Which brings us to the second point — do you really want to be laying 340wtq into this motor? I think it’s very cool from a testing perspective to see what we can do — but may not be practical for day to day use or the longevity of the motor.

 

 

 

Tested: PRL Motorsports CivicX RACE Downpipe

Well, after not getting any results worth talking about using my high octane fuel PRL has dubbed as my “secret sauce”, it was time to go back to low octane fuel and see what this downpipe could do — if anything. As much fun as it is to just push the motor and turbo to it’s full potential using the best stuff you can throw at it — testing on the average every day fuel most people will use is more realistic. And well — nothing gets more real than running this car on 87 octane, probably the lowest octane you can get in the USA (I’ve seen a few remote locations with 85 or 86 octane, but that’s really rare).

The results were pleasing.

Prologue

I feel that I have to explain a little bit of the innards of the ECU here, so some of the results will make sense. For anyone installing the PRL downpipe and expecting some results with either the factory tune or one of the basemaps with their tuner of choice, you need to understand where some of the “gains” are coming from.

The CivicX ECU doesn’t use a standard turbo wastegate for boost control — it uses an electronic wastegate run by the ECU. This is more complex and actually very cool. Most “standard” boost control systems use a boost solenoid (mac valve or similar) and when you ask for, say, 20psi, it tries to target that immediately and let the turbo wind up as fast as it can.

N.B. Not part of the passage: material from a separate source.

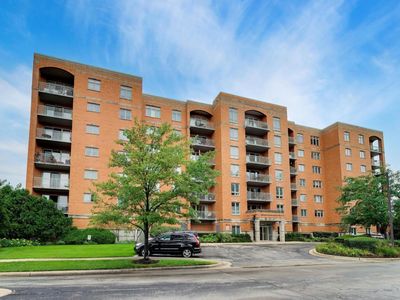 6801 N Milwaukee Ave APT 410, Niles, IL, 60714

This is not the case with the CivicX. Honda uses a “slope” or “ramp” style boost control. Essentially it knows “X” wastegate position means “Y” boost and will actually “ramp” or “spool” the turbo at a fixed rate to get there. This induces artificial turbo lag. I believe this is done in part to protect the CVT trans and possibly to protect the motor — as this little turbo has the potential to “wind up” (spool) VERY quickly if it’s unleashed.

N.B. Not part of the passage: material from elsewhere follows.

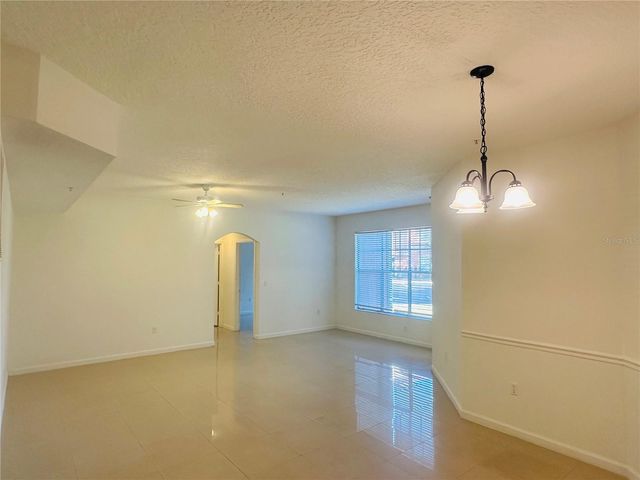 5560 METROWEST BOULEVARD 101, Orlando, FL 32811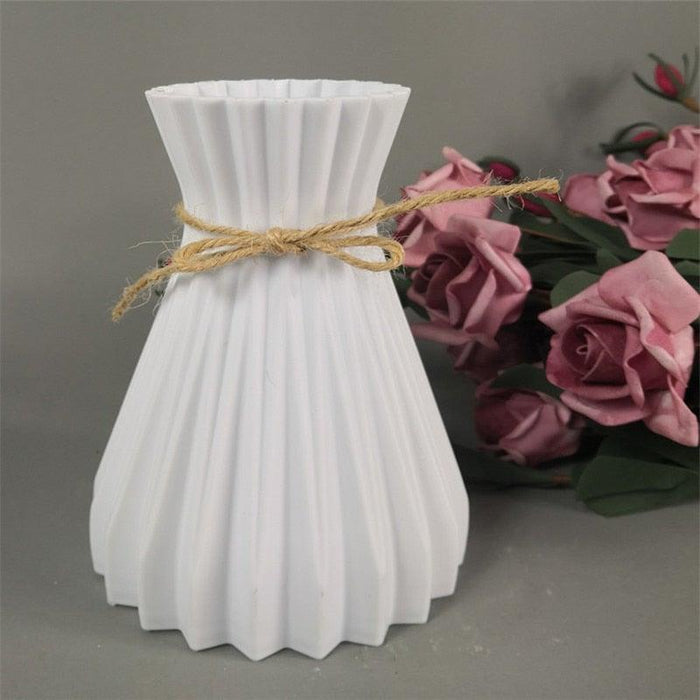 Plastic Vases Anti-ceramic Unbreakable Basket Imitation Rattan Flower Vase For Home Décor Desktop Decoration Living Room Office or Bookshelf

So why is this distinction important? Advertising that anything will make “peak torque sooner” is actually not quite true. In repeatable and consistent tests peak torque is always the same spot as that is where the ECU finally lets the turbo reach it’s target boost. If we didn’t have this control in the ECU I can imagine peak torque being 2200-2500 rpm on this motor with this downpipe.

However, since the ECU is programmed for a STOCK downpipe, when you install an aftermarket downpipe (PRL’s in this case), the exhaust flows more freely and as a result the turbo will TRY to make more boost than the ECU wants and at potentially a little different “ramp” as the wastegate control in the ECU isn’t compensated for this new part.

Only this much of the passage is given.